= Instructions to follow =
Once the line holding "Bague Céramique / Argent" appears, repeat it and each line after it to the end of the data, exactly and with nothing else; pictures stay out.

= Data for this task =

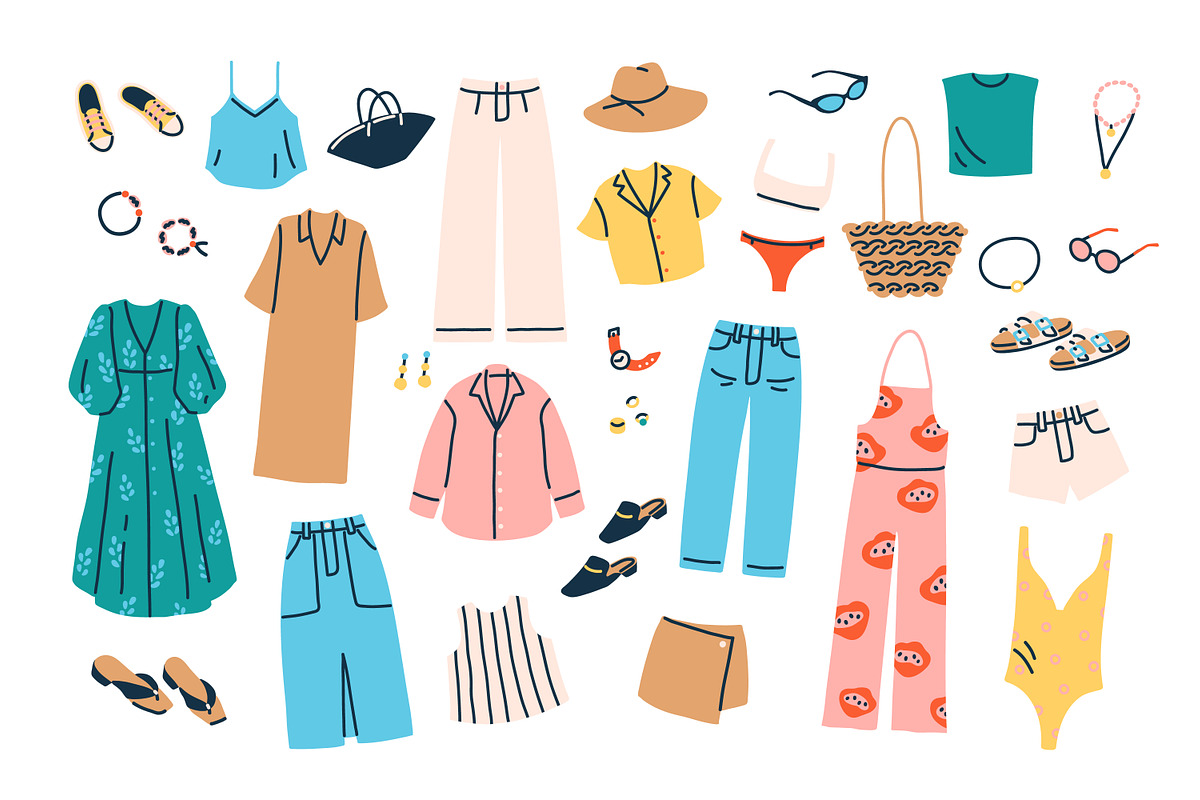 Stylish vacation clothes set, an Illustration by Good Studio (Photo 3 of 4)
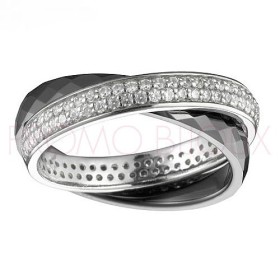 Bague Céramique / Argent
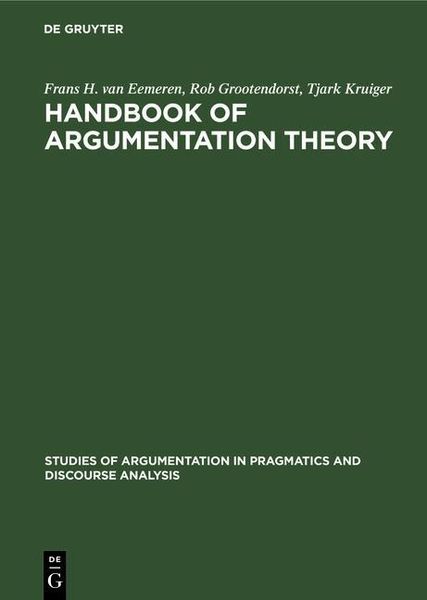Produktbild: Handbook of Argumentation Theory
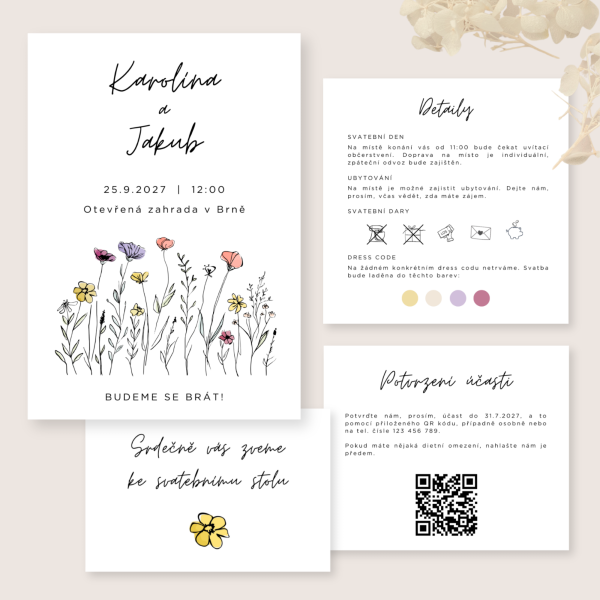 Louka kreslená - komplet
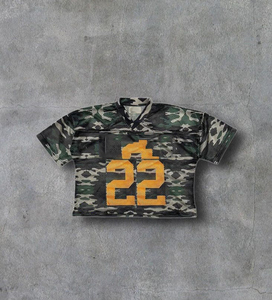 Ropa deportiva Fútbol Malla Jersey Tops Personalizado Juventud Fútbol Jersey Secado rápido y transpirable Fútbol Camiseta con cuello en V - Product Image 5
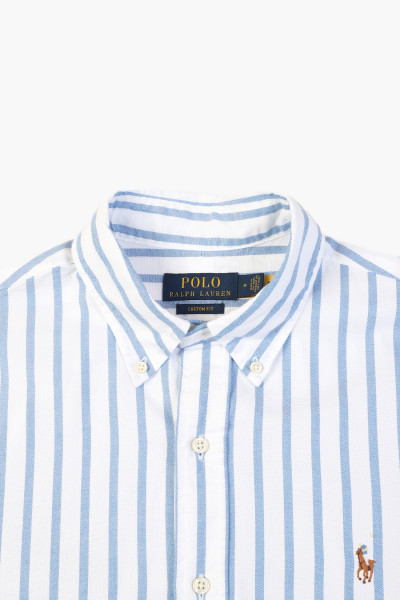 Polo ralph lauren Custom fit stripe oxford shirt White/blue - ...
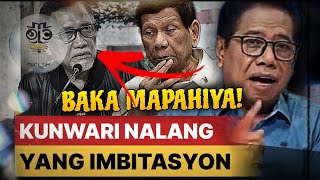 ABANTE VS FP DUTERTE SA QUADCOM ANO NALANG ANG MANGYAYARI KAY ABANTE AT IBANG MYEMBRO NG KOMITE [upl. by Selhorst]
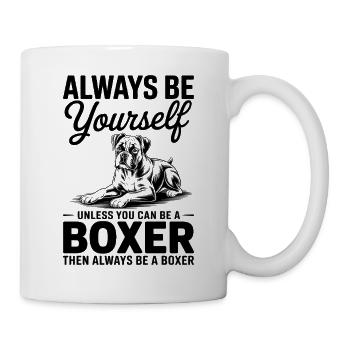 Boxer Hund Spruch Lustige Deutscher Boxer Geschenk - Tasse - Weiß - Rechts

= Written response =
 Bague Céramique / Argent
Produktbild: Handbook of Argumentation Theory
 Louka kreslená - komplet
 Ropa deportiva Fútbol Malla Jersey Tops Personalizado Juventud Fútbol Jersey Secado rápido y transpirable Fútbol Camiseta con cuello en V - Product Image 5
 Polo ralph lauren Custom fit stripe oxford shirt White/blue - ...
 ABANTE VS FP DUTERTE SA QUADCOM ANO NALANG ANG MANGYAYARI KAY ABANTE AT IBANG MYEMBRO NG KOMITE [upl. by Selhorst]
 Boxer Hund Spruch Lustige Deutscher Boxer Geschenk - Tasse - Weiß - Rechts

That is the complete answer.